[Directions for this task]: From the first line to the last, restate every record word for word, leaving out the pictures.

Data extract Start Marker

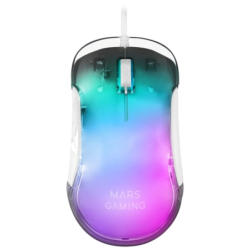 Mars Gaming MMGLOWW USB RGB 12800 DPI Blanc 7 boutons 75 g Souris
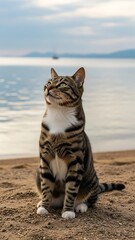 Brown Tabby Cat Sitting on Sandy Beach by Calm Sea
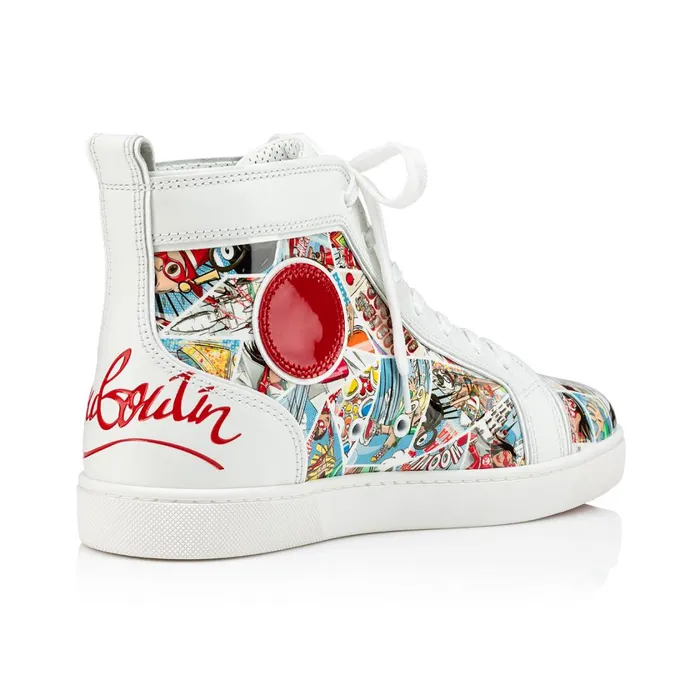Men Fun Louis Hightop Sneakers 8211 Patent Calf Comics Print 8211 Multicolor Multicolor Christian Louboutin High Top Sneakers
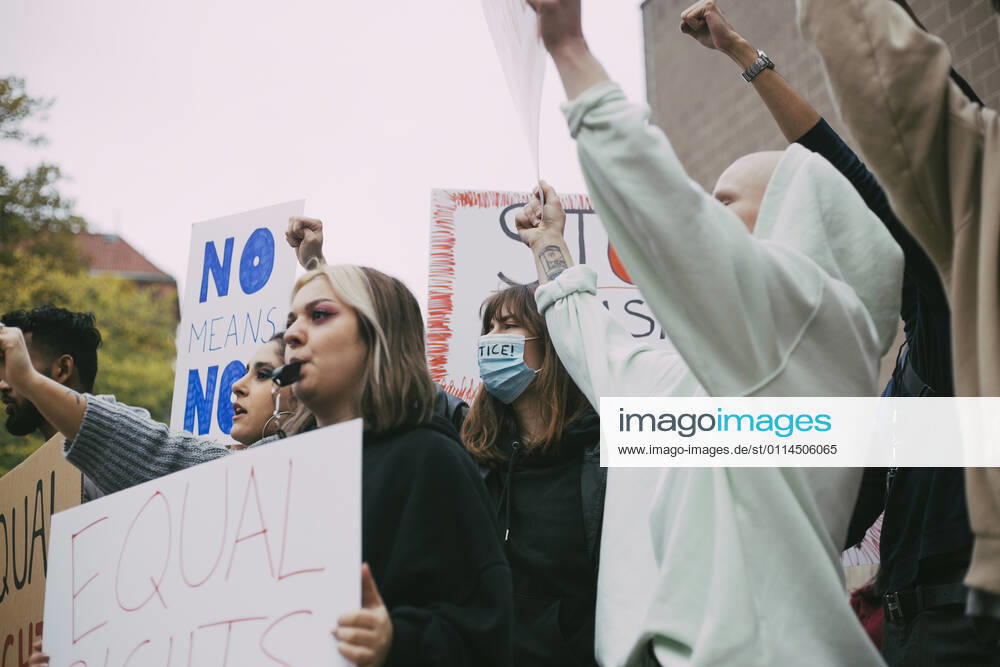 Female activist with equal rights protesting during COVID-19 Sweden, Stockholm, model released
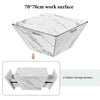 Wooden Coffee Table with Storage Drawer Marble-Look Modern Living Room Furniture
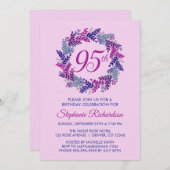 ピンクエレガントとパープルリース95誕生日 招待状 (正面/裏面)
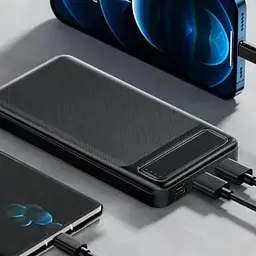 Зовнішній акумулятор Power bank 10000 mAh Lenyes PX162 компактний універсальний на 2 входи Чорний - мініатюра 3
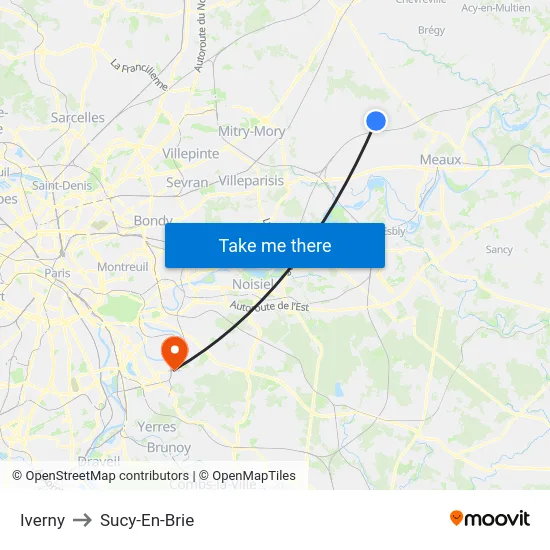 Iverny to Sucy-En-Brie map
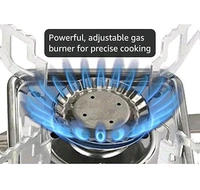 Jbiya Portable Camping Gas Stove for Travel Stainless Steel Body Folding Furnace Cooking Stove Lightweight Gas Burner for Hiking, Outdoor Picnic & Emergency Cooking Use with Storage Bag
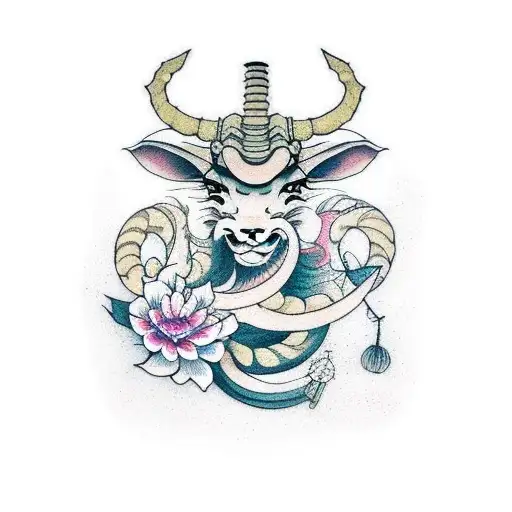 Women With Samurai And Capricorn And Carnation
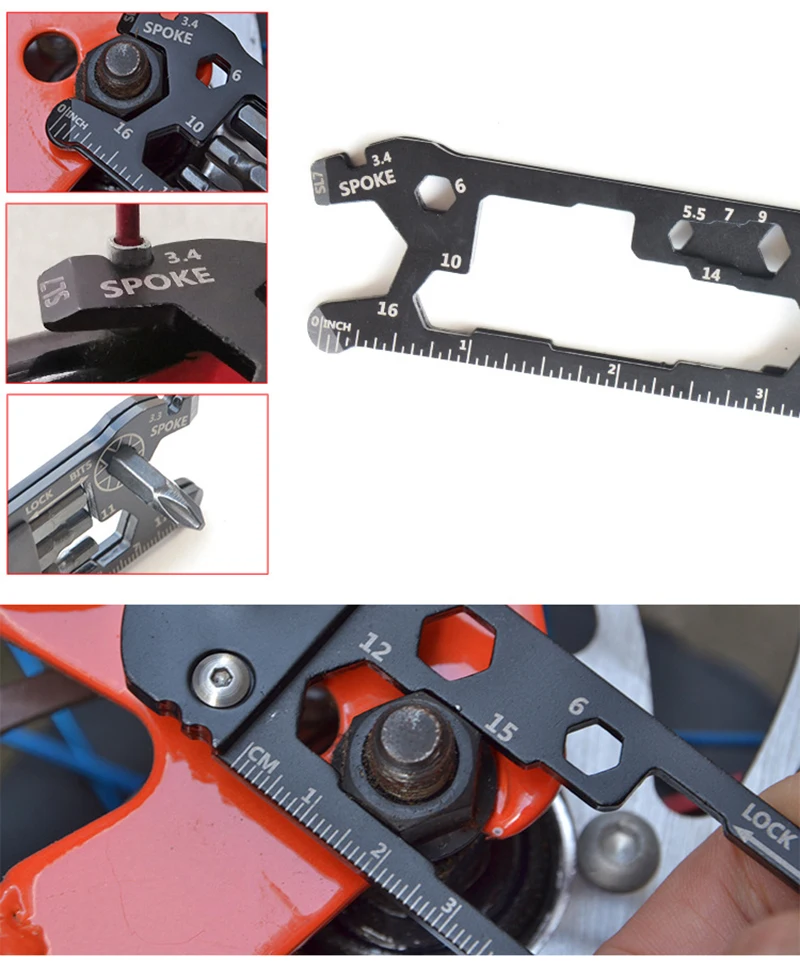 24 In 1 Multi Outdoor Bicycle Repair Tool Activity Spanner Combination Wrench Screwdriver Tool Set Pocket Keyring Hex Wrench Bik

Data extract End Marker

[Answer for this exercise]:
 Mars Gaming MMGLOWW USB RGB 12800 DPI Blanc 7 boutons 75 g Souris
 Brown Tabby Cat Sitting on Sandy Beach by Calm Sea
Men Fun Louis Hightop Sneakers 8211 Patent Calf Comics Print 8211 Multicolor Multicolor Christian Louboutin High Top Sneakers
 Female activist with equal rights protesting during COVID-19 Sweden, Stockholm, model released
 Wooden Coffee Table with Storage Drawer Marble-Look Modern Living Room Furniture
 ピンクエレガントとパープルリース95誕生日 招待状 (正面/裏面)
 Зовнішній акумулятор Power bank 10000 mAh Lenyes PX162 компактний універсальний на 2 входи Чорний - мініатюра 3
 Iverny to Sucy-En-Brie map
 Jbiya Portable Camping Gas Stove for Travel Stainless Steel Body Folding Furnace Cooking Stove Lightweight Gas Burner for Hiking, Outdoor Picnic & Emergency Cooking Use with Storage Bag
 Women With Samurai And Capricorn And Carnation
 24 In 1 Multi Outdoor Bicycle Repair Tool Activity Spanner Combination Wrench Screwdriver Tool Set Pocket Keyring Hex Wrench Bik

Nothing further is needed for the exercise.